Gli anni ‘70 e ’80 sono soprattutto segnati dall’impegno nella
scuola e nella Chiesa, attuato anche attraverso lo strumento di Scuola Notizie,
promosso nel 1968 come foglio informativo del Movimento Insegnanti e diventato
rivista nel 1975 (venne pubblicato fino al 1990) e nel 1974 fu tra i fondatori
della rivista Com Nuovi Tempi, rivista nata dal tentativo di unire le istanze
della sinistra cristiana riunitasi attorno alla Comunità di Base di S. Paolo
Fuori le Mura e a Giovanni Franzoni e il mondo evangelico progressista della
rivista “Nuovi Tempi“, animata dal pastore Giorgio Girardet.

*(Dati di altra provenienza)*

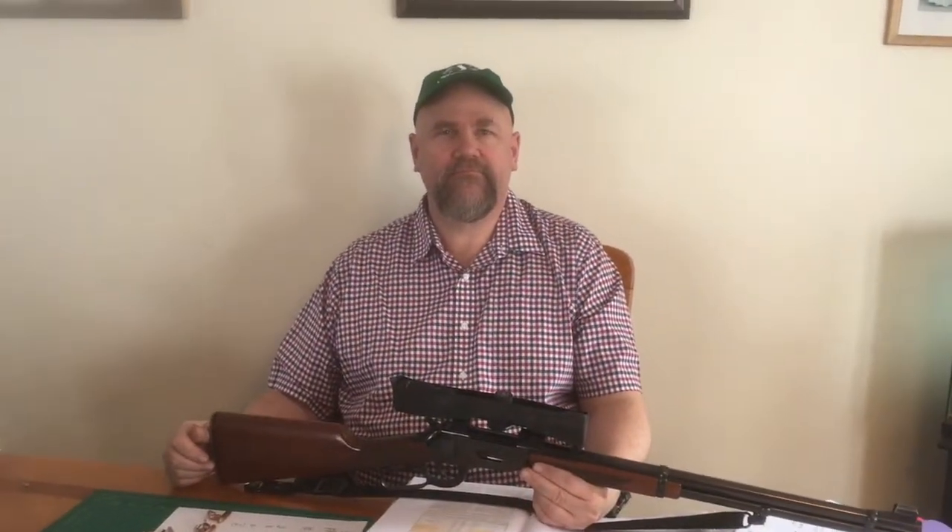I think I'm ready to take this rifle out now. I'm going to start with three 170-grain bullets: Sierra, Winchester PowerPoints, and the Speer 170 flat points — all going around 2,400 feet per second.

Per Marcello alla radice del potere ecclesiastico che soffocava
le istanze evangeliche c’era il Concordato. Combattere il Concordato
significava combattere quei privilegi che ponevano la Chiesa cattolica in una
posizione di potere economico e politico. Solo l’abolizione del Concordato
poteva a suo giudizio dare nuova linfa e vera libertà alla Chiesa di Gesù e al
suo messaggio liberatore. Per questa ragione Marcello Vigli non perdeva
occasione per promuovere reti di realtà di base, laiche e cristiane, per realizzare
in maniera integrale lo spirito della Costituzione e recuperare la sinergia
delle forze progressiste che l’avevano scritta.
Fu tra i fondatori della sezione Italiana di Noi Siamo Chiesa,
partecipò a tutti gli incontri promossi dal cartello “Il Vangelo che abbiamo
ricevuto”, che – promosso da Giuseppe Alberigo – tentava di elaborare una linea
ecclesiale diversa da quella condotta negli anni ’90 dall’allora presidente
della Cei Ruini; prese parte a tutte le battaglie per la riforma della Chiesa e
la denuncia del processo di restaurazione pre conciliare attuato soprattutto
sotto i pontificati di Wojtyla e Ratzinger; si impegnò – attraverso l’associazione
nazionale Per la Scuola della Repubblica” – nel contrasto alla normalizzazione
e gerarchizzazione della scuola prodotta dall’autonomia scolastica e dalle
riforme volute da Berlinguer, Moratti, Gelmini. Fino agli anni più recenti, nei
quali intravedeva nella autonomia differenziata il progetto di potenziale
dissolvimento della scuola pubblica statale.